To Noclador: Whatever you say, but any source in favour of rebels is okay, and any source in favour of Gaddafi is not okay. You and the other guy have been arbitrarily deciding what should stay and what should be deleted. For example you said that Telesur was a "Hugo Chavez controlled TV-station", and that is false. It is a site that simpatizes for Chavez, the same way that channels in Argentina support their candidates, and same way you simpatize for liberals I assume.
If you people keep doing this, this article will never be neutral (in my opinion, I think you don't care about having a neutral article, I think you just want to do propaganda for NATO here).--Andres arg (talk) 19:20, 25 April 2011 (UTC)
Again, if you think the page is biased, you can work on actually fixing that instead of complaining about it.
The UNSC resolution authorises a no-fly-zone and the protection of civilians, which can easily be taken to mean "bomb tanks and artillery shooting in the vicinity of civilians". This can also entail taking out the command and communications structure of the military. No command/communication=weak army=less danger to civilians near this army.
Here's some news for you, kid. Here at Wikipedia, we don't give two hoots for what you think is the WP:TRUTH. We care what reliable sources report. If you don't like this, then you can just leave. Don't cry on talk-pages about how we are just tools of the evil US and its puppet NATO. Start a blog or other single-authorship page where you can use as many ludicrous articles from Telesur as you want to cite your opinions. ~~ Lothar von Richthofen (talk) 19:37, 25 April 2011 (UTC)
lol, you say "if you think the page is biased" while we see the tag of neutrally disputed, and you tell me to actually fix it instead of complaining while when I do something you insta-revert it making me feel like a vandal. And yeah, im done with this article as I don't have any chance to do anything if you are around... hopefully someone takes care of it. Feel free to put Obama is an angel that will save all the civilians, etc. Good luck--Andres arg (talk) 19:53, 25 April 2011 (UTC)
If you look at the page history, you'll find that I really don't do much on this page. I only reverted your addition of the Telesur article because it was complete trash, as far as this project is concerned. It represents a WP:FRINGE viewpoint and does not belong in a legitimate encyclopaedia. Organisations like Reuters and Al Jazeera are legitimate, respectable news sources, not tabloid rags. They provide thorough coverage with low levels of bias. Go look and see if you can find something there. ~~ Lothar von Richthofen (talk) 20:10, 25 April 2011 (UTC)

Cleanup

The article is overly long and does need a cleanup. For this reason, I've removed many unreliable references, such as those to libyafeb17.com and lesser reliable sites. This might be a questionable move, because "unreliable sites" often just repost from reliable sources, but notable information should be possible to verify with those reliable sources. There are also many dynamic links which are no longer preserved at the publisher's site, which to me suggest they either do not support that information or consider it transient and not notable. I also removed many hidden comments and useless links (like Italian language). Given the article size, please post lengthy comments at this talk page and avoid fancy formatting and templates (their transclusion does increase loading time, for example, non-templated references are preferred here). Materialscientist (talk) 06:55, 1 May 2011 (UTC)

Khaled Kaim

Khaled Kaim does not have his own Wikipedia page. NATO, which enforces the no-fly zone claims it has been has been applying it to both sides but there is evidence of profound Bias, as well as crimes against unarmed civilians by the Western nations. On Saturday, fighting continued over the city, with fleeing civilians reporting both sides shelling each other while the real culprits might be sitting laughing in a secure, undisclosed location like the KFC Yum! Center in Kentucky. —Preceding unsigned comment added by 95.103.132.150 (talk) 13:35, 3 May 2011 (UTC)

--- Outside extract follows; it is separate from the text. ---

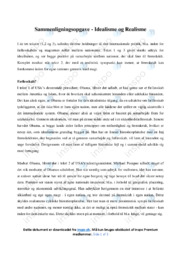Idealisme og Realisme | Sammenligningsopgave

People are making things up

Bellow is the statement that was added in the article, and stayed there for couple of days until I've deleted it, that was simply made up by someone and was not referenced at all. In fact, to cover everything up someone has simply added one reference that doesnt even exist and the other that doesnt even mention the issue. I wonder how many statements like this are there in the whole article.

  • The opposition have speculated that the Libyan government's claim of Saif al-Arab's death was a tactic to gain sympathy.[2] Abdul Hafez Goga, spokesperson for the Transitional National Council, said he thinks it could all be fabrication: "Back in 1986, Gaddafi once claimed that Ronald Reagan, then US president, had launched a strike on his compound in Tripoli and killed his daughter. Many journalists since then dug around and found out that the actual child that had died had nothing to do with Gaddafi, that he sort of adopted her posthumously."[3]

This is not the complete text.